WORK REQUIRED:
Leaving out the images, reproduce every line of the data that follows exactly.

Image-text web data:
---*---
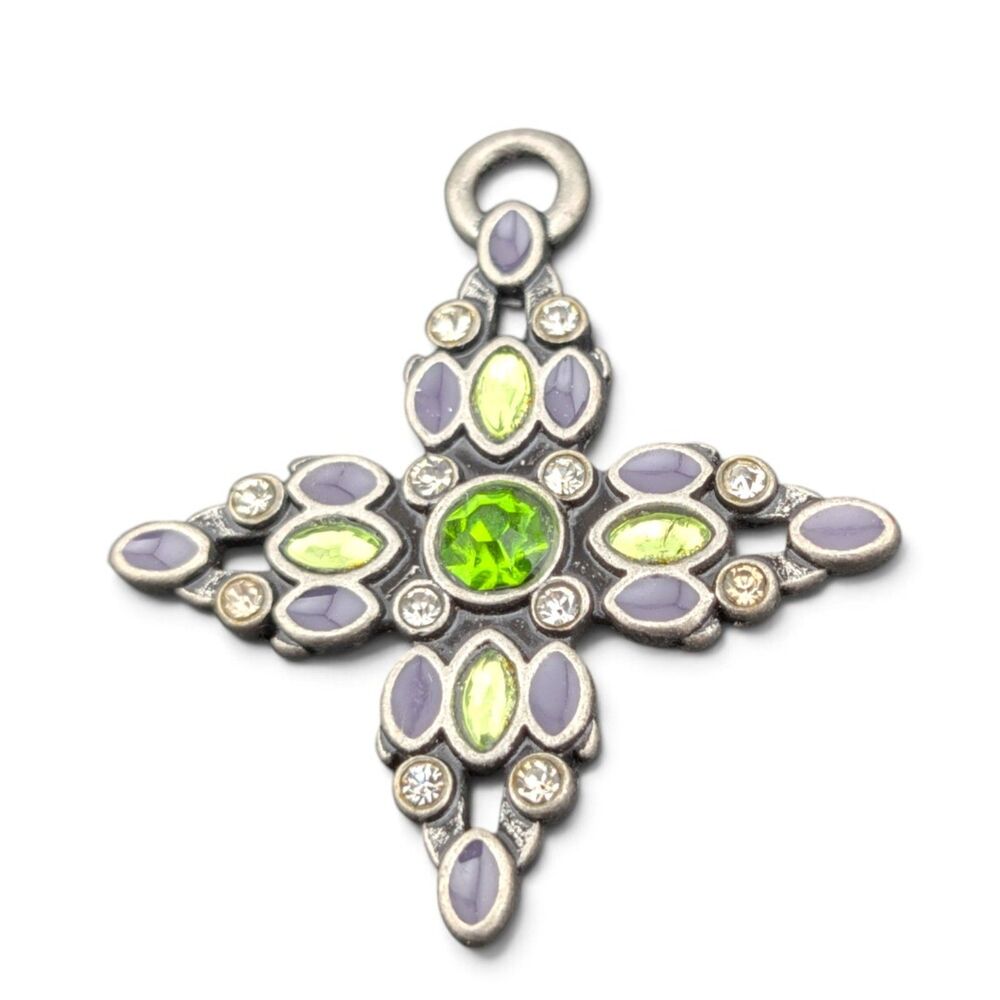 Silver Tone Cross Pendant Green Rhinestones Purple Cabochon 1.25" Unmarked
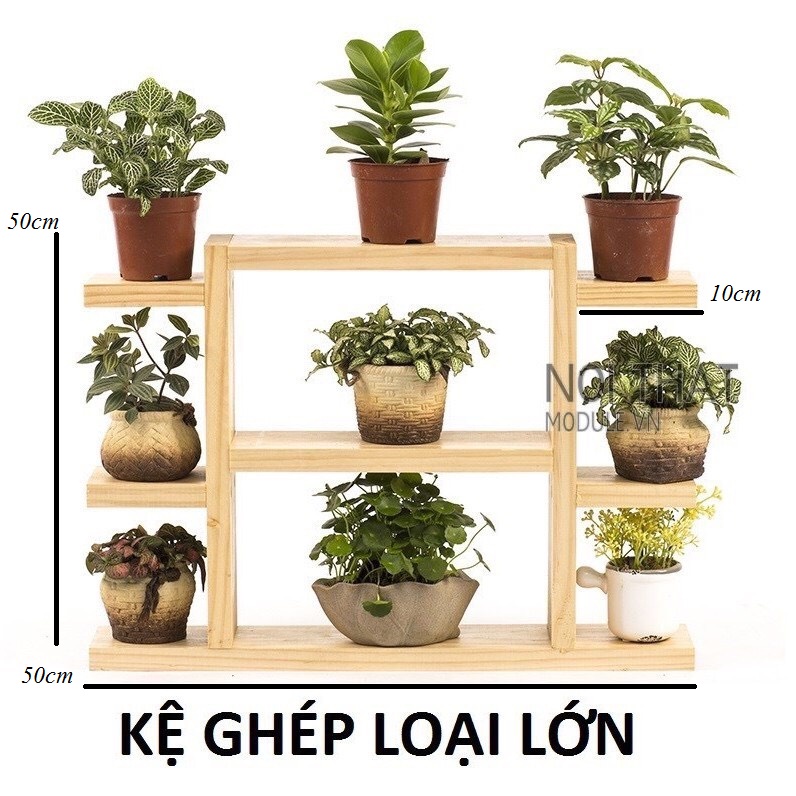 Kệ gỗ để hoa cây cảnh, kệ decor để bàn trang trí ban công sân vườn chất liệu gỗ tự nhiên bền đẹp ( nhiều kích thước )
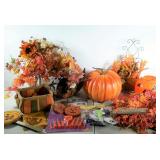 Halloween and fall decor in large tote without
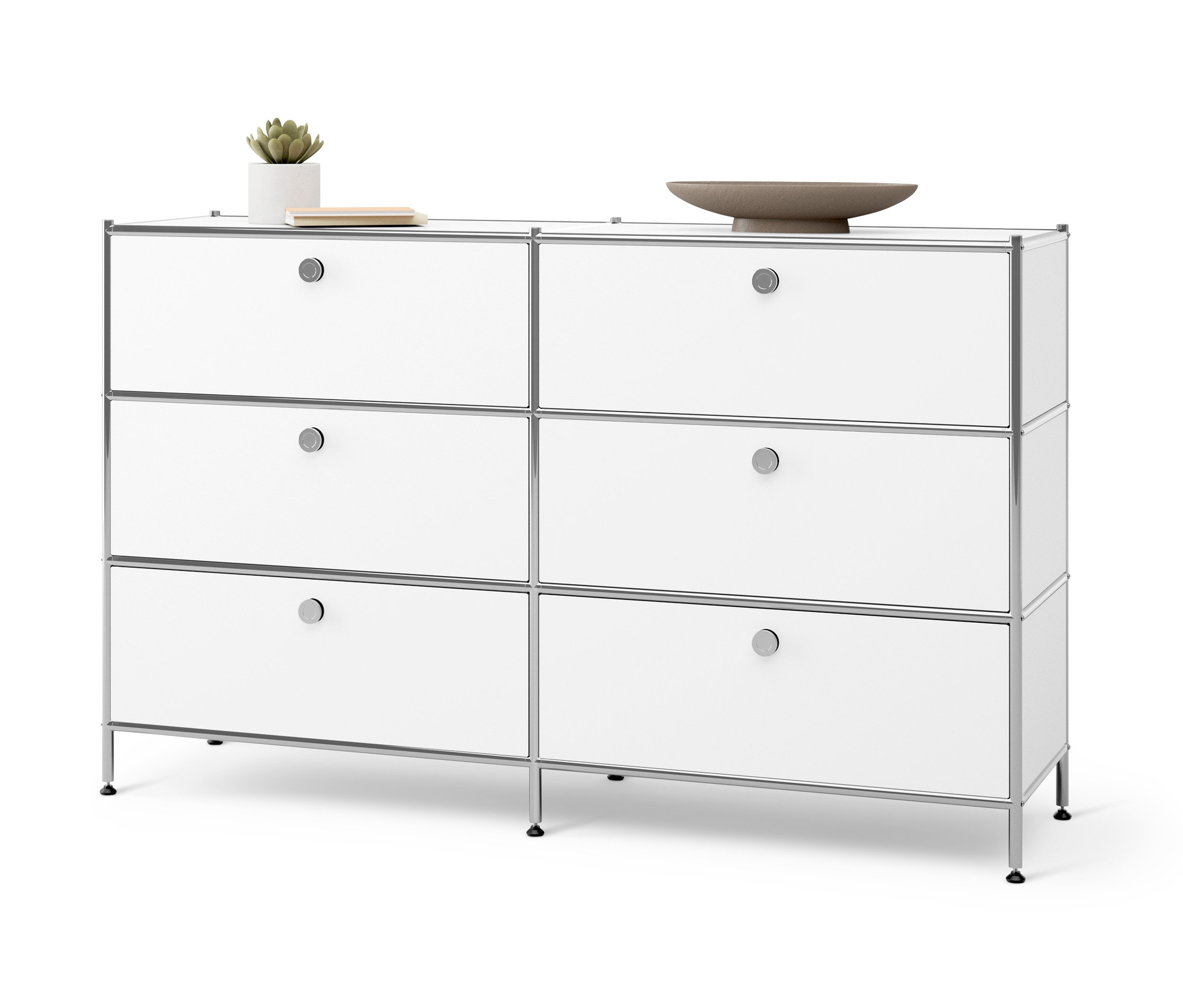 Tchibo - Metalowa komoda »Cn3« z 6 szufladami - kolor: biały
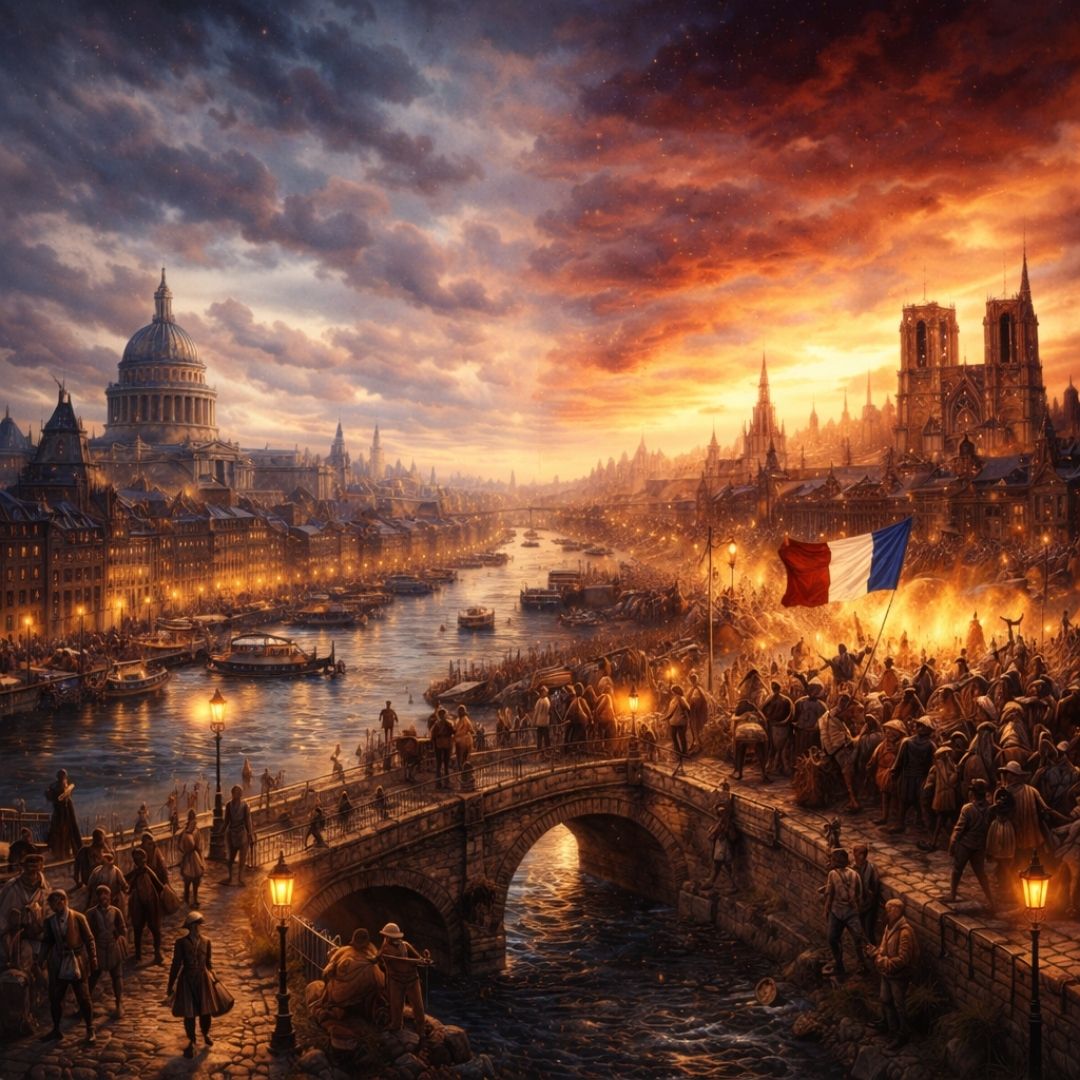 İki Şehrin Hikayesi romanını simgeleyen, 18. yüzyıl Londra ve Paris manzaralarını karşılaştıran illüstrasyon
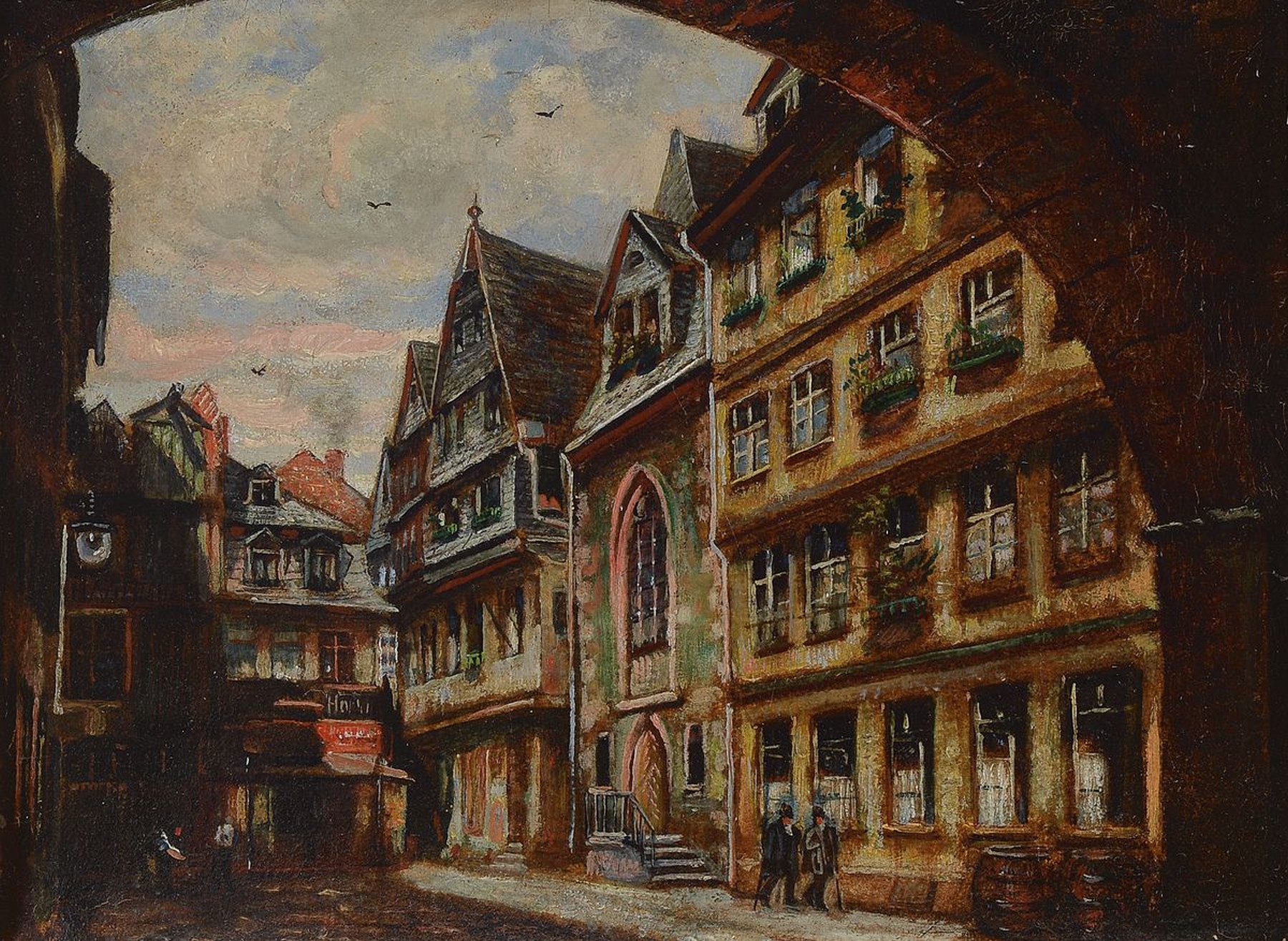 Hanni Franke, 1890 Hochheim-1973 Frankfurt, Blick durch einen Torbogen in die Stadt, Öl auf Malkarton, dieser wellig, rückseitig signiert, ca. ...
---*---
WORKED SOLUTION:
 Silver Tone Cross Pendant Green Rhinestones Purple Cabochon 1.25" Unmarked
 Kệ gỗ để hoa cây cảnh, kệ decor để bàn trang trí ban công sân vườn chất liệu gỗ tự nhiên bền đẹp ( nhiều kích thước )
 Halloween and fall decor in large tote without
 Tchibo - Metalowa komoda »Cn3« z 6 szufladami - kolor: biały
 İki Şehrin Hikayesi romanını simgeleyen, 18. yüzyıl Londra ve Paris manzaralarını karşılaştıran illüstrasyon
 Hanni Franke, 1890 Hochheim-1973 Frankfurt, Blick durch einen Torbogen in die Stadt, Öl auf Malkarton, dieser wellig, rückseitig signiert, ca. ...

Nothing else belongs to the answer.